Des tempos – rickshaws collectifs – sont hélés, mais comme il n’y en a pas pléthore on doit s’y entasser avec les affaires. Je me retrouve debout sur un marchepied, m’accrochant où je peux. A l’intérieur, les autres passagers disparaissent sous les sacs et les caisses.
Entrée dans la Kumbha Mela
Puis le rickshaw entre dans la Kumbha Mela proprement dite, rappelant des images familières. : une mer de tentes s’étend jusqu’à l’horizon, de nombreux ponts à flotteurs enjambent le Gange, les ponts ferroviaire et routiers de la route de Vârânasî surplombant le tout. De grandes allées perpendiculaires, couvertes de plaques métalliques, structurent l’espace et de gigantesques drapeaux orange flottent au vent.

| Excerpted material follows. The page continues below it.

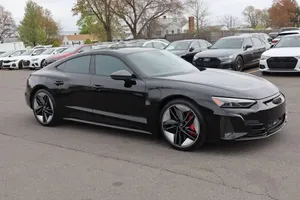 Audi RS e-tron GT 2022 en perfecto estado - Product Image 3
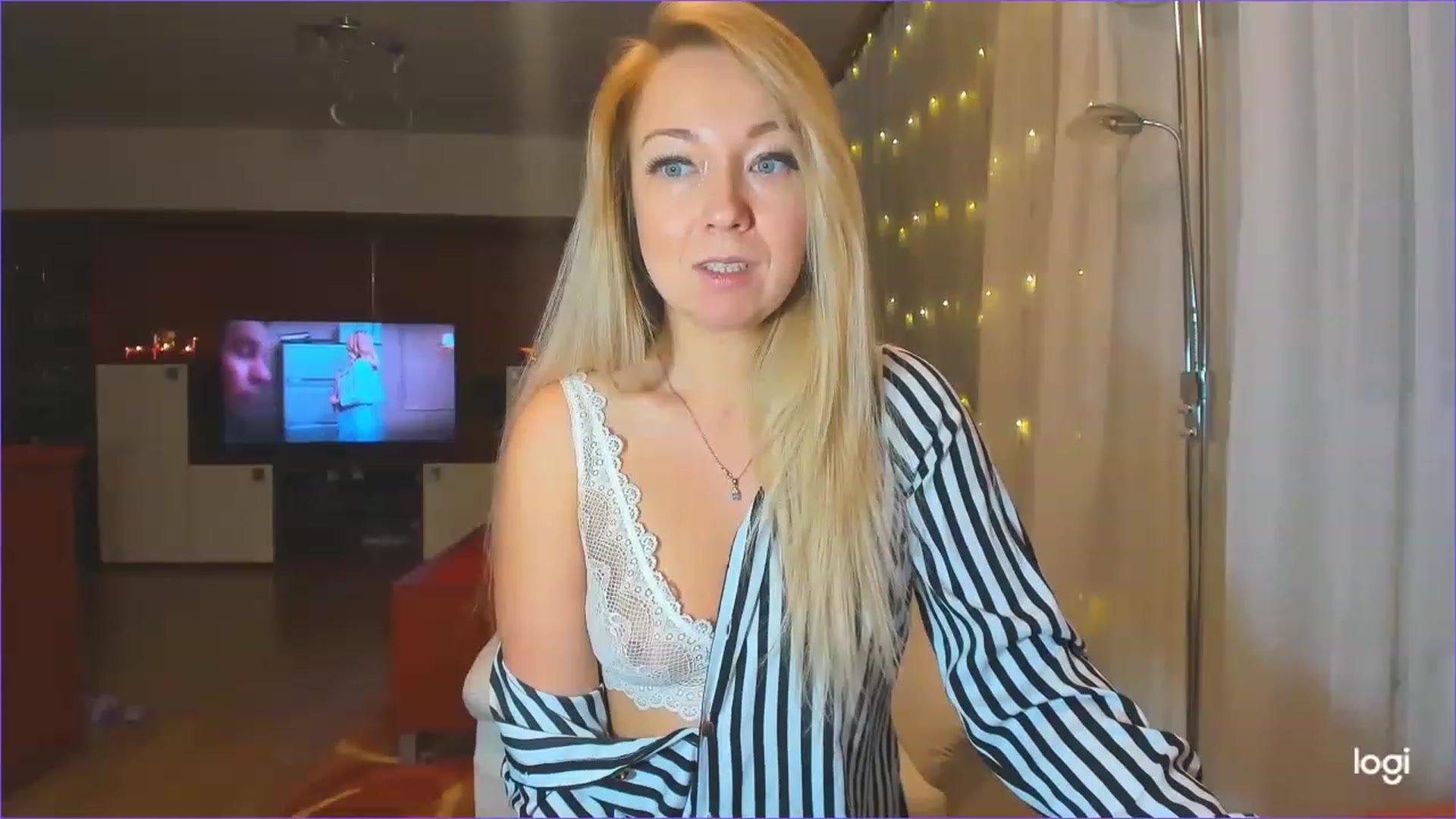 Gallery image thumbnail from LoraGlow's myfreecams stream on, 12/12/2022, 22:38 image 18 of 20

Le rickshaw s’engage sur les routes provisoires qui sillonnent ce qui est habituellement le lit du Gange lorsque son niveau monte durant la mousson. On tressaute sur les cahots. Il monte en direction du secteur 7, mais de toute évidence ne sait pas où il va. On zigzague une demi-heure dans la Kumbha Mela avant d’enfin trouver notre emplacement, passant en chemin devant de hauts portiques décorés à la gloire de tel ou tel guru. Il est 13 heures lorsqu’on arrive.
Le camp de Moji Baba
Notre camp se révèle plutôt modeste, en retrait dans une petite allée transversale. Une grande tente rectangulaire servant aux cérémonies y est entourée de petites tentes d’habitation. Au fond, une structure abrite la cuisine format XXL. A côté, un grand espace couvert de tôle ondulée sert aux repas en commun. Sur la gauche, les douches-WC. Enfin douches, façon de parler : deux robinets se dressent derrière un tissu. Une palissade de tôle ondulée entoure le tout. Un portique sans prétention surplombe l’entrée, quelques guirlandes lumineuses ornent les murs du camp.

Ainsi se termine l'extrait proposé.